Tools like 6sense weren’t built on some visionary GTM prophecy — they were built as a band-aid for a broken B2B system. They emerged because marketing teams couldn’t agree on what a “good lead” was, sales teams didn’t trust anything in the CRM, and everyone hoped that AI-washed intent signals would magically reveal who was ready to buy.
But here’s the uncomfortable truth:
6sense didn’t solve those problems. It just disguised them behind a very expensive dashboard.
Let’s call it what it is.
Intent Data Is the New Astrology for GTM Teams
The promise was seductive: “We’ll show you who’s researching your category before they ever talk to you.”
The reality?
Half the “intent surges” are false positives — and the other half are meaningless.
A student researching a homework assignment triggers the same high-intent flag as a CIO evaluating a platform.
A competitor poking around your site looks identical to a buyer exploring solutions.
Sales teams get excited.
They call.
Nothing happens.
Pipeline dies quietly.
Intent data isn’t useless — it’s just hopelessly generic.
And generic data leads to generic decisions.
Account-Level Intent Without Contact-Level Precision Is a Mirage
It’s great to know BigCo is “in market.”
It’s not great when you have no clue who inside that 40,000-person company is actually doing the research.
This is 6sense’s fatal flaw:
You can’t personalize outreach when you don’t know who you’re personalizing to.
It’s ABM without a buying committee.
A treasure map without coordinates.
A flashlight with dead batteries.
The Revenue Model Only Works If You Ignore the ROI
6sense is expensive — painfully expensive.
The cost only makes sense if your CRM is pristine (it isn’t), your RevOps team has unlimited bandwidth (they don’t), and your sellers willingly adopt a tool they don’t understand (they won’t).
Companies don’t churn because they “don’t get ABM.”
They churn because the ROI rarely materializes the way the sales deck promises.

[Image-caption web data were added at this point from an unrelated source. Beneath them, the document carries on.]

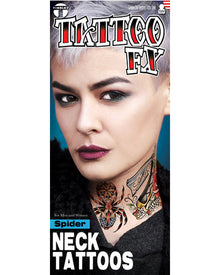 Spider FX Temporary Neck Tattoo For Halloween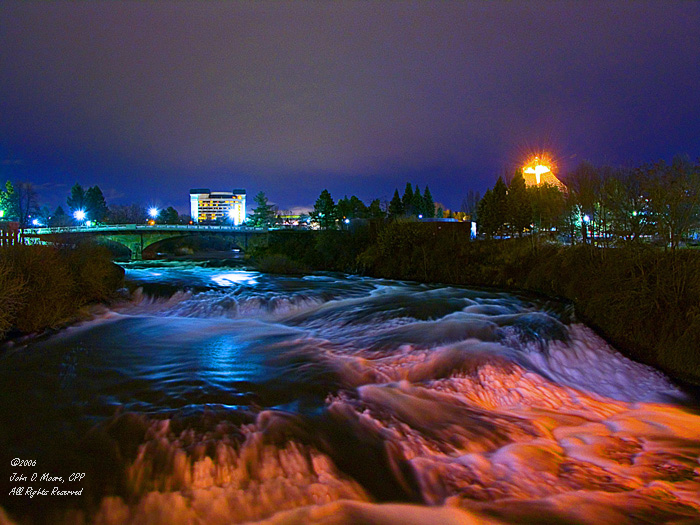 North river channel,  on the Spokane River, Spokane, Washington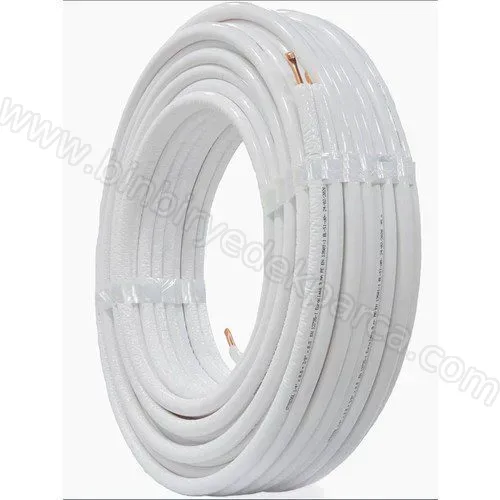 Klima Bakır Boru 1 Metre 1/4" X 0.8 + 3/8" X 0.8 Mm Vrv 9000 Ve 12000 Btü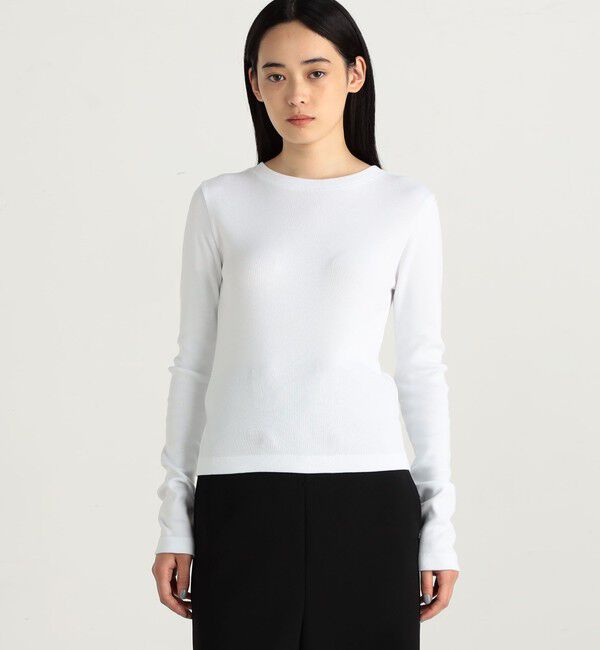 Edition「コットンフライス クルーネックトップス」|Tシャツ・カットソー|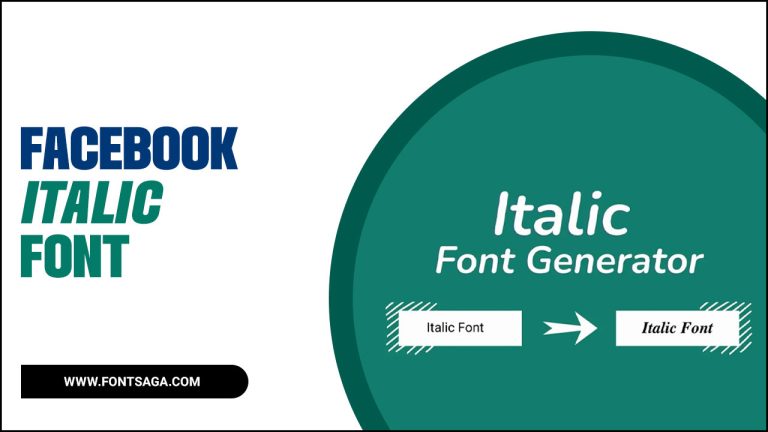 Facebook Italic Font: How To Make Your Text Stand Out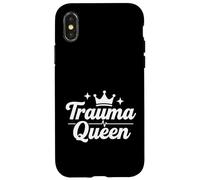 Trauma Queen Nurse Life Drôle Script médical Coque pour iPhone X/XS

Pipeline “influence” is easy to claim.
Revenue reality is harder to hide.
Most Companies Don’t Have the Org Maturity to Run It
6sense insists that all you need is tight sales, marketing, and RevOps alignment.
Cool.
Show me a company where those three groups agree on anything.
Operationalizing 6sense isn’t a switch you flip — it’s a resource-intensive, time-consuming slog that requires specialists most teams don’t have.
You don’t implement 6sense.
You summon it, with the help of a priest, a data engineer, and a therapist.
The Black Box Problem: “Trust the Algorithm” Is Not a Strategy
Sales teams are told:
“Don’t worry how it works. Just call the accounts we flag.”
That may have worked in 2018.
It doesn’t work now.
Not when AI models hallucinate.
Not when every GTM budget has to be defended.
Not when reps demand context, not commands.
If you can’t explain why an account is surging, the score becomes noise — and once reps stop trusting the score, the platform dies inside the org.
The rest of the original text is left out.